Dans un arrêt du 13 septembre 2018, la CJUE a rappelé la nécessité de concilier le respect des
droits de la défense et le secret. C’est dans ce contexte que s’inscrit l’arrêt du 15 mai 2019.
2) Une solution critiquable quant à la protection du bénéficiaire du
chèque
Il est évident que cette solution est juste à l’égard des plaideurs en vue de l’exercice de leur
droit à la preuve. Cependant, cette décision reste critiquable quant au sort du bénéficiaire du
chèque.
Il suffirait de démontrer que l’atteinte au secret bancaire est indispensable à l’exercice du
droit de la preuve et proportionnée aux intérêts antinomiques en présence pour lever la
confidentialité des informations du bénéficiaire. L’admission ou le refus de communication
des pièces conduit alors à désigner un perdant.

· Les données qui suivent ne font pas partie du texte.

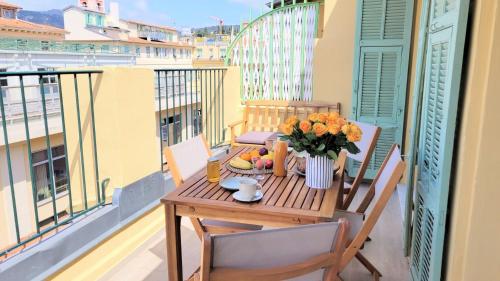 Ze Perfect Place - Opera Nice - Appartement 2 Chb - AC - Terrasse Nice france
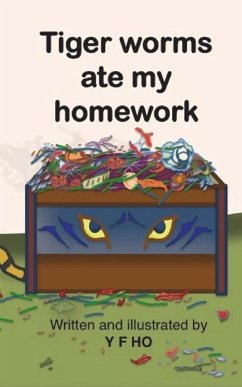 Cover Tiger worms ate my homework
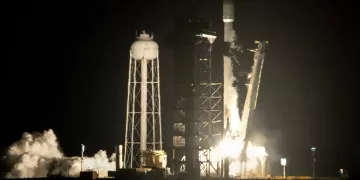 SpaceX rocket slammed into the moon as predicted
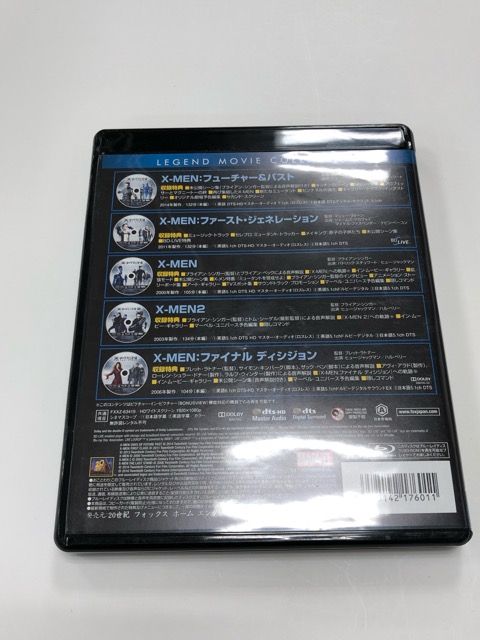 X-MEN ブルーレイコレクション Blu-ray【E1462-008】20 - メルカリ
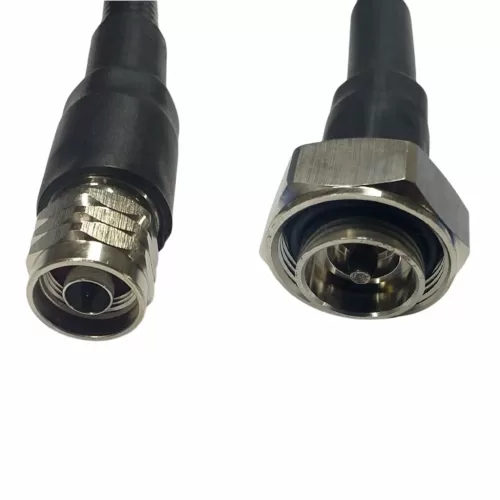 LATIGUILLO 1/2 CON CONECTOR DIN M A N M 44CM VICOM Referencia: LT-DINM9-NM-1/2S-0.44MT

Le secret bancaire était au profit de la banque et non du bénéficiaire. Or, en principe, la
confidentialité protège ce dernier. Dans l’hypothèse que les juges lèvent le secret en vue
d’engager la responsabilité de la banque, le bénéficiaire est contraint de dévoiler ses données
personnelles.
En l’espèce, le secret peut être levé si le bénéficiaire l’autorise. Or, ce dernier n’a même pas
exprimé son choix. La banque a décidé à sa place pour son propre intérêt. Dès lors, il convient
de s’interroger sur l’absence de la protection du bénéficiaire face au droit fondamental des
tireurs, c’est-à-dire leur droit de la preuve.